Now, it’s time to make your move. In cases where the agent has not given you instructions on how they would like to receive new talent submissions, you will have to choose between a cold call or a cold email. Phone calls can be tricky, because you may end up interrupting them while they’re working on an important task. Also, if forced to leave a message, you put yourself in the disadvantage of having to wait for a return call (that you may never get). I recommend reaching out with a short and sweet email. Here are a few ideas of how to capture their attention
- Open the email with a short introduction of who you are and why their agency is so special. For example, “My name is Kelley Huston and I am interested in joining the (agency’s name) talent roster. In the five years that I’ve been doing voice-over professionally, I’ve heard a number of fellow voice-over actors rave about working with (agency’s name), including my dear friend, Joe Smith. Upon further research, I discovered that (agency’s name) was the very first voice-over talent agency in Colorado. Now, that’s a title that no other agency in Colorado will ever be able to claim! It would be an honor to be considered as a new talent submission.” Taking the research you did on the agency earlier and incorporating into a thoughtful and personal message will help you stand out.
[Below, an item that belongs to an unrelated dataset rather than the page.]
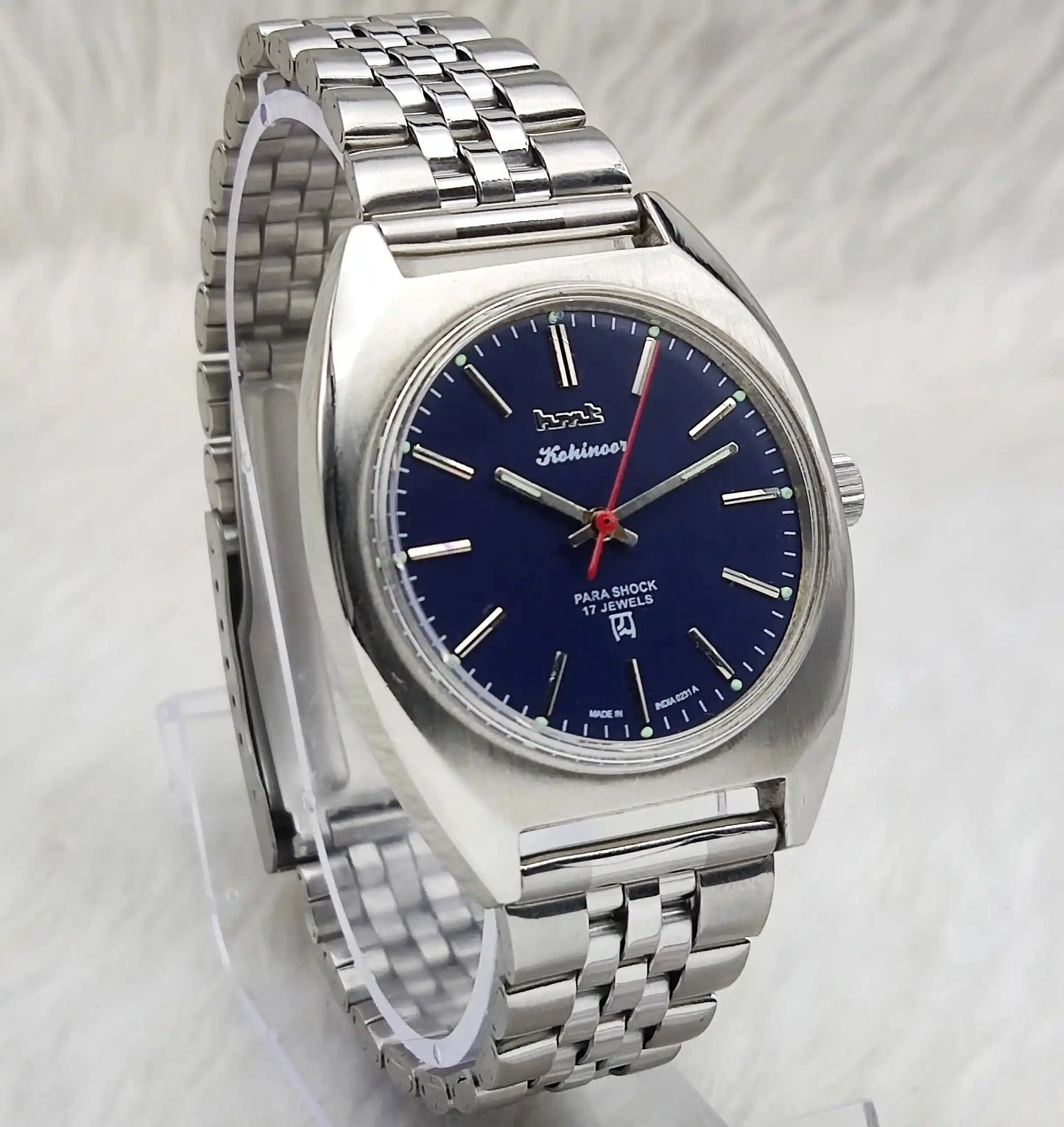 HMT Kohinoor 17 Jewels Stick Indices Blue Dial Handwinding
- Give them a quick rundown of your accolades and experience, using bullet points so that it’s easy to quickly read or skim. Don’t be afraid to boast a bit. Keep yourself in the mindset that you are unique and will be a great asset to them. The types of things that will be of interest to potential agents are:
- Studio capabilities – They’ll want to know that you have a professionally equipped studio that is acoustically sound. If you have a fancy microphone or a pre-fab sound booth (i.e. WhisperRoom, Studiobricks, etc.), you may want to mention that. However, don’t list out every item of equipment in your studio. They simply don’t need all of that level of detail.
- Union status – Knowing this information will help them understand how they can help you and where you fit in at their agency.
- Voice description – Giving them a list of adjectives that describe your signature style can be helpful. (i.e. “My voice has been described as….”)
- Recent bookings – List out recent bookings that you are proud of, as well as ones with recognizable names. If your list of bookings are all obscure local clients, you may want to just leave this bullet point out.
- Testimonials – If you have a great testimonial that is short and to the point, you may want to consider including it.
- Link your website (if you have one), with an invitation to learn more about you and your career and hear your demos. You should also consider attaching your commercial and narration demos to the email so that it’s easy for them to quickly access.
- End the email by letting them know that you are grateful for their consideration and look forward to their response.
I realize it can be difficult to send these cold emails to agents. It puts one in a vulnerable position of possible rejection. However, remember that each one of us has something to offer. Our self-esteem as artists should never be in the hands of others. Understand that like anything, it may take a few tries to finally be accepted onto an agent’s roster. Oftentimes, the decision of whether or not to work with talent has more to do with the timing than anything.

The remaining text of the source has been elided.